Незнакомец, отнимая ладони от лица, вспухшего почти сплошным синяком, ответил:
— Помолчал бы лучше, старик. Без тебя тошно…
Только на другой день он разговорился, и Антонина Петровна с Пахаревым узнали, что он партизан, пойманный при выполнении задания в двадцати километрах от города в селе Вышки. Но подозрения Пахарева только увеличились. Он обратил внимание на то обстоятельство, что незнакомец подцеливает в уборную обязательно с ним и ни разу не попросился один. И самое странное было в том, что никого из них за сутки не вызвали на допрос.
Незнакомца увели на второй день и сейчас же вслед за ним — Антонину Петровну.
Часа полтора прошло для Пахарева в томительном ожидании. За это время он тщательно осмотрел камеру; от кого-то он слышал мельком, что есть подслушивающие аппараты. Но здесь все было в порядке.
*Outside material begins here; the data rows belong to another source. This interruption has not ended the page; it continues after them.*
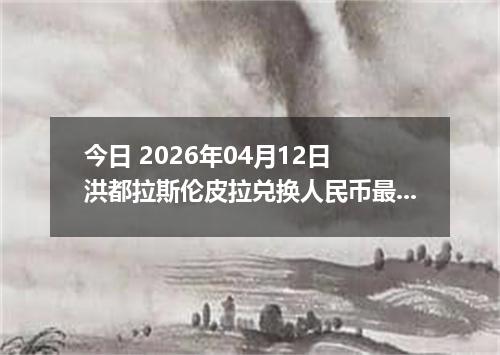 今日 2026年04月12日 洪都拉斯伦皮拉兑换人民币最新汇率行情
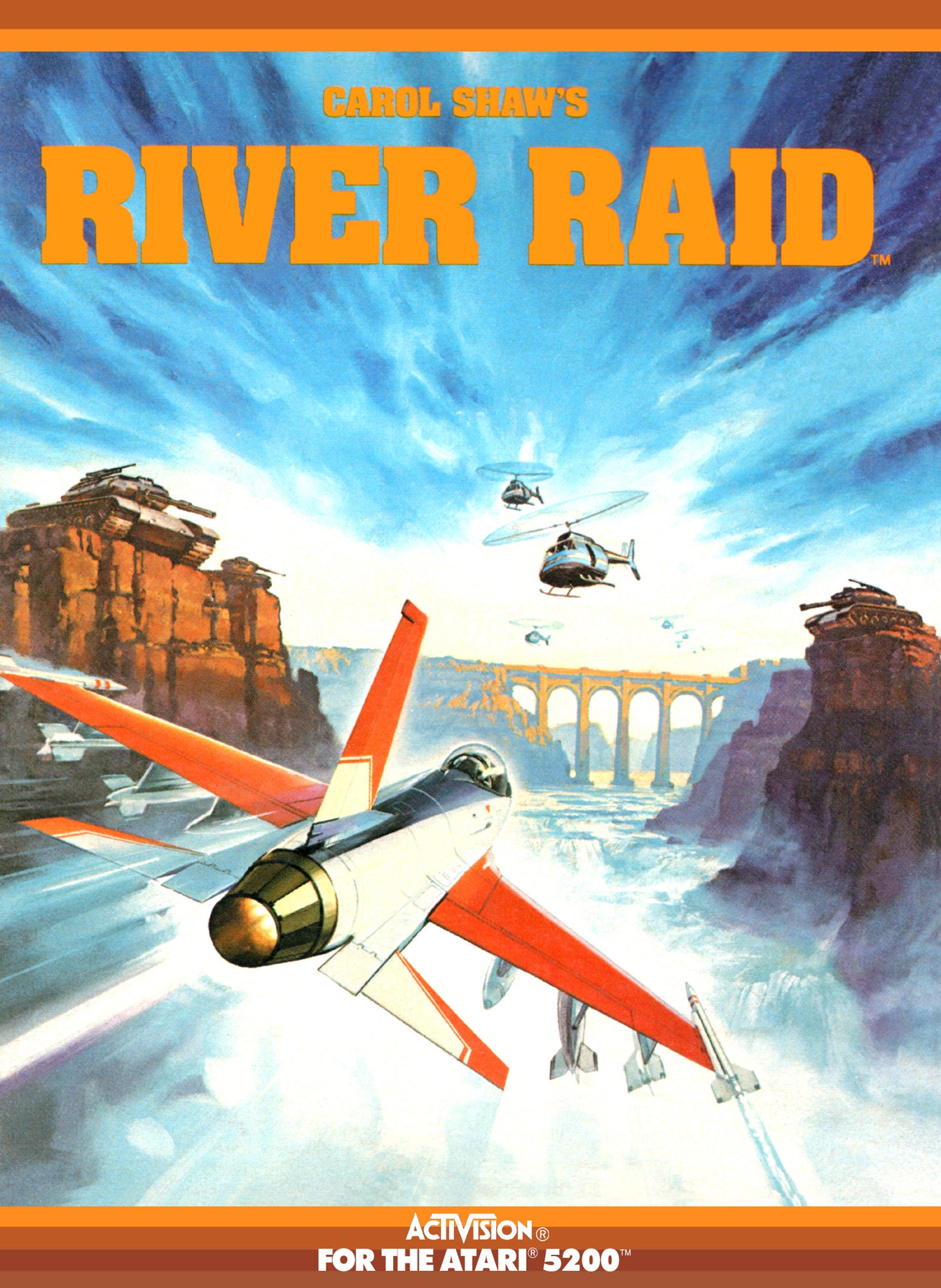 RIVER RAID - ATARI5200
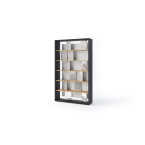 Regał z oświetleniem FITT FP-01 Szary Połysk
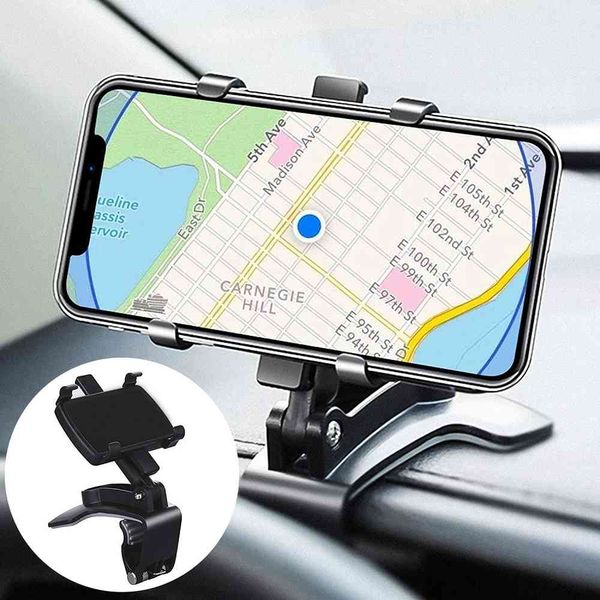 Suporte de Dashboard Retrovisor Sun Visor Sun Cell Phone Stand Mount Samsung no carro GPS GPS Bracket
Совершенно голая бетонная коробка, такая же дверь, в которой просверлено, очевидно уже гестаповцами, отверстие для наблюдения за арестованными.
Потом дверь беззвучно открылась и в камеру не вошла, а скорее была вброшена Антонина Петровна. Она упала на колени и на руки, проползла до стены и легла на спину. Дверь закрылась. Пахарев почуял какой-то прогорклый, неприятный запах, похожий на запах горелого мяса.
— Что они с вами делали? — спросил он, подсовывая ей под голову свой пиджак. Она открыла запавшие, мутные от боли глаза.